*Task item*:
Would you please transcribe the data in full and exactly, excluding images?

(Recorded data)
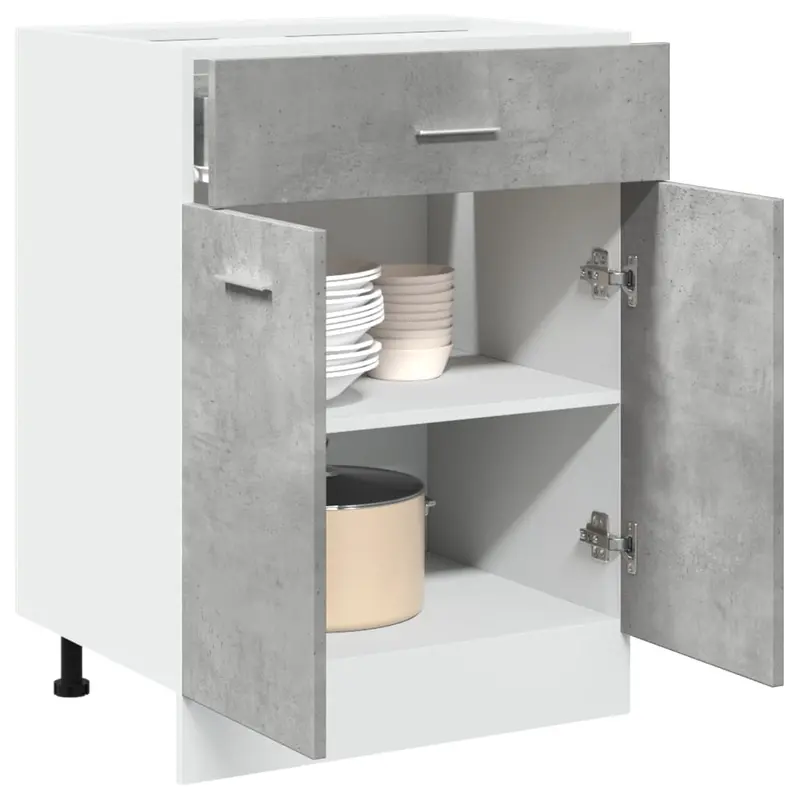 Mueble bajo con cajón "Lyon" de, gris hormigón, 60 x 46 x 81,5 cm, madera de ingeniería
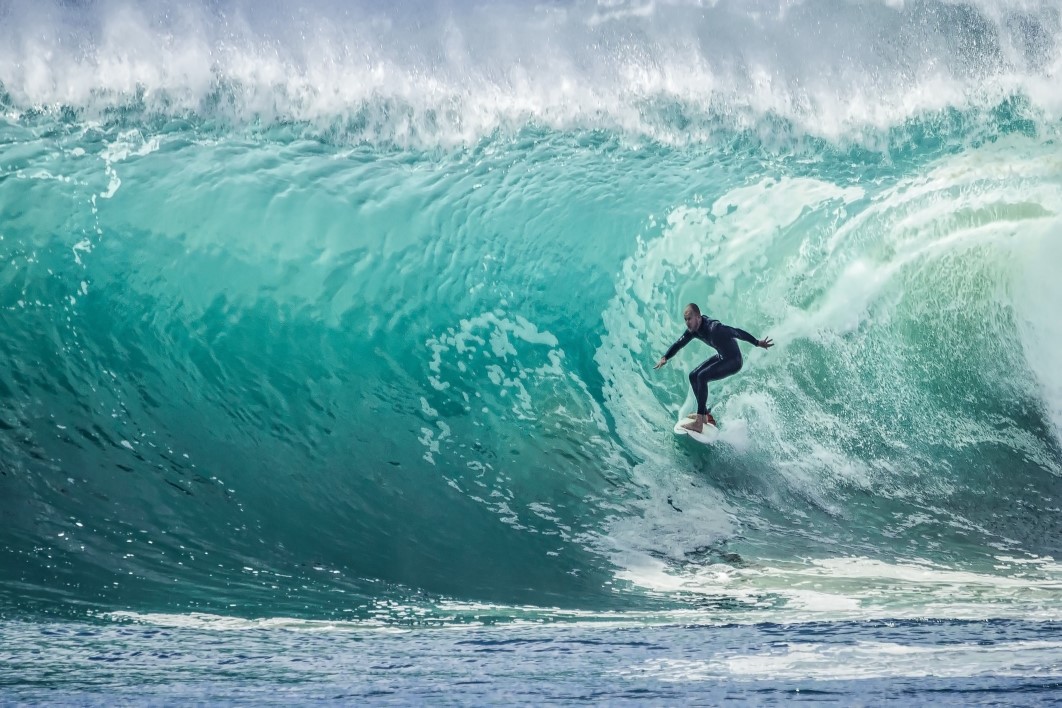 Surfer Surfboard Sea Wave Ocean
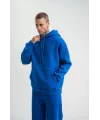 ERKEK Double Oversize Kapşonlu Basic SweatShirt - Mavi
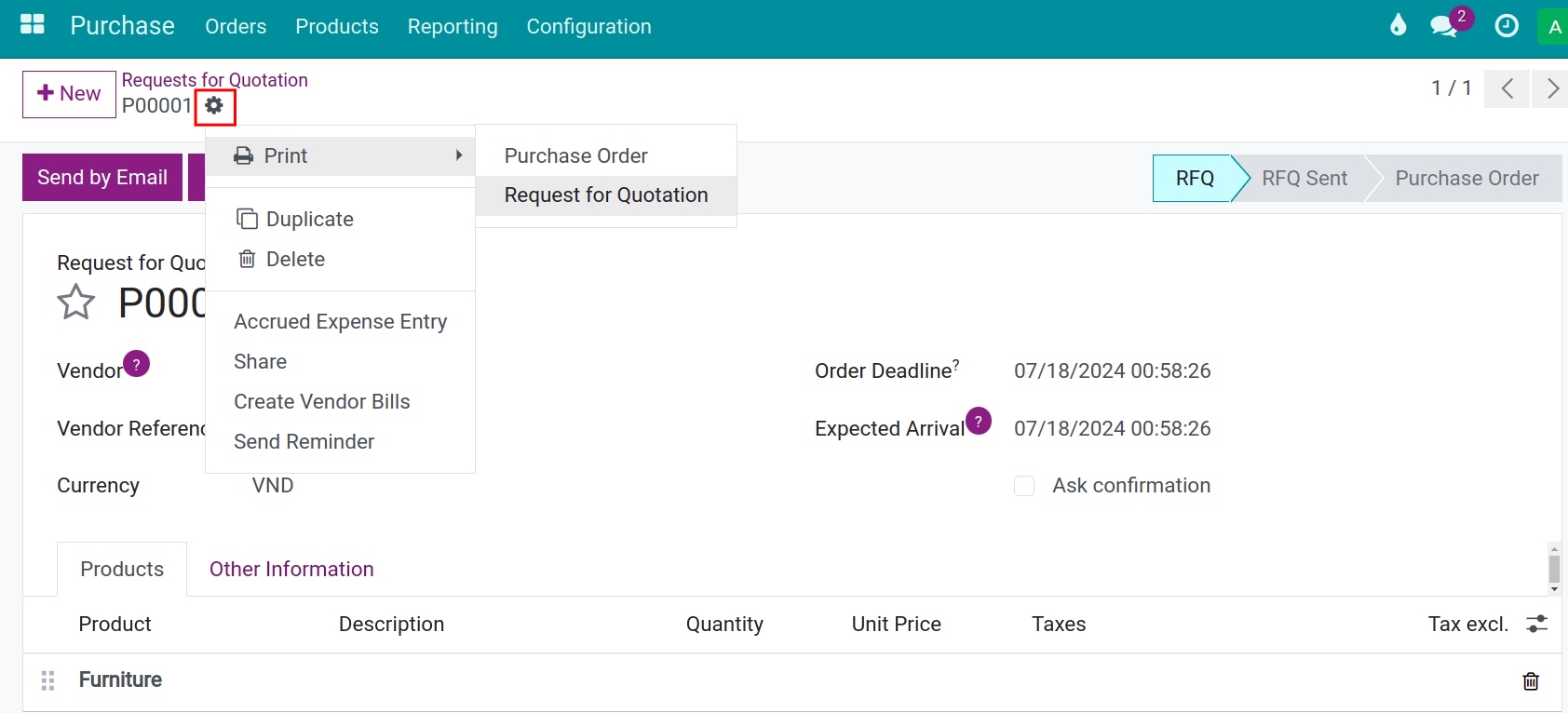 Print Request of Quotation Purchase app ERP Viindoo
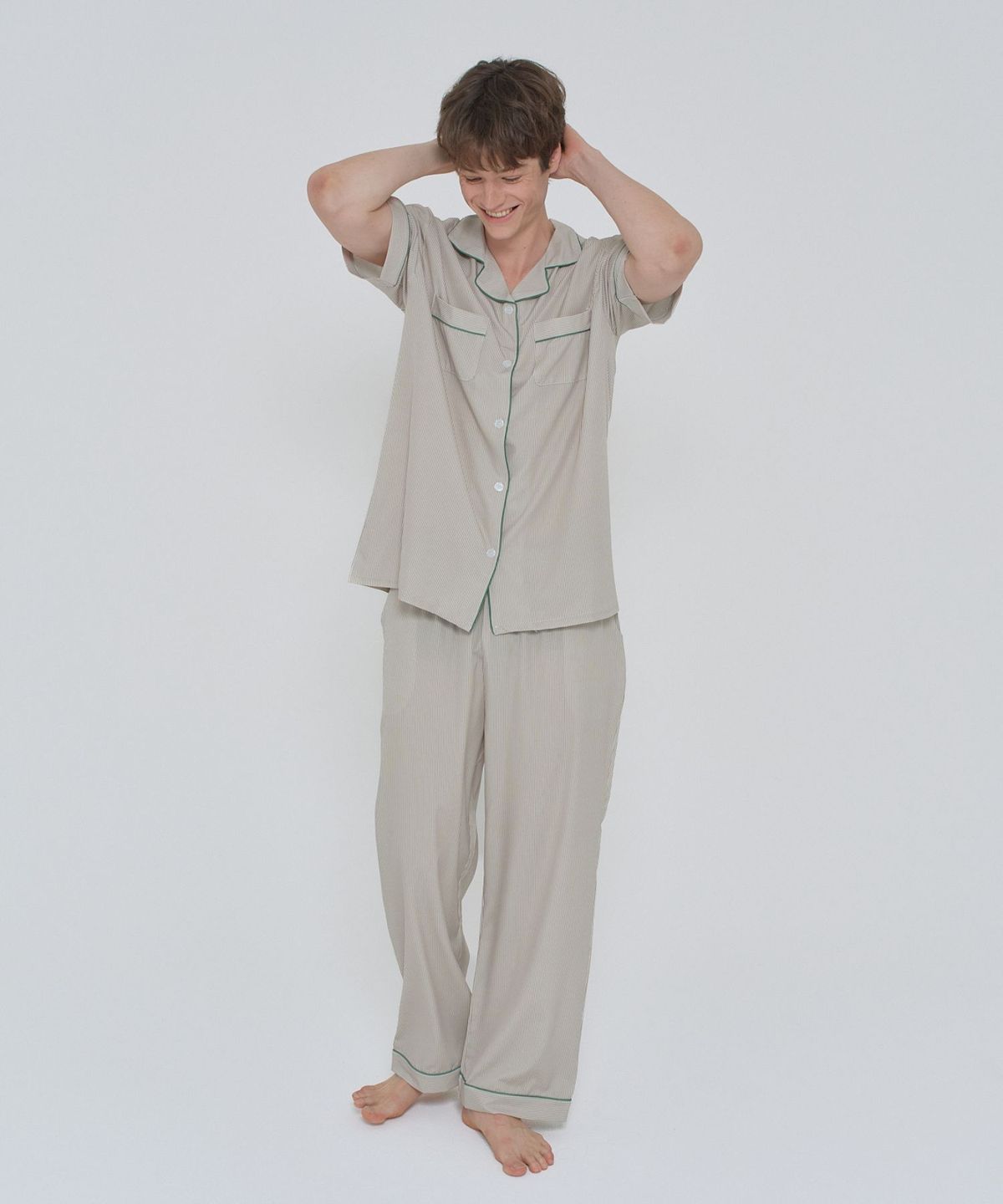 오오티엔(OOTN) 여름 쿨링 내추럴스트라이프 반팔 반바지 긴바지 잠옷세트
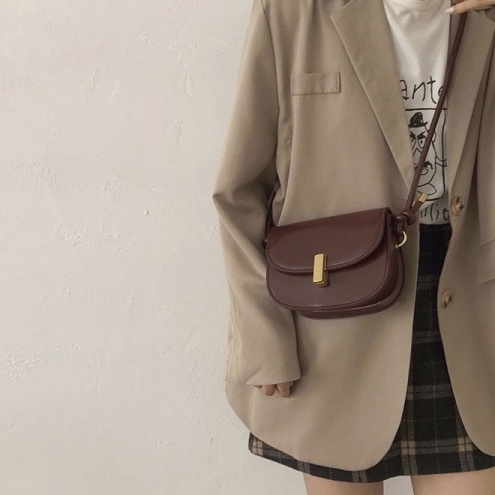 Túi đeo chéo vintage túi yên ngựa nữ da trơn thời trang cao cấp túi hình bán nguyệt thu đông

*Result of the task*:
 Mueble bajo con cajón "Lyon" de, gris hormigón, 60 x 46 x 81,5 cm, madera de ingeniería
 Surfer Surfboard Sea Wave Ocean
 ERKEK Double Oversize Kapşonlu Basic SweatShirt - Mavi
 Print Request of Quotation Purchase app ERP Viindoo
 오오티엔(OOTN) 여름 쿨링 내추럴스트라이프 반팔 반바지 긴바지 잠옷세트
 Túi đeo chéo vintage túi yên ngựa nữ da trơn thời trang cao cấp túi hình bán nguyệt thu đông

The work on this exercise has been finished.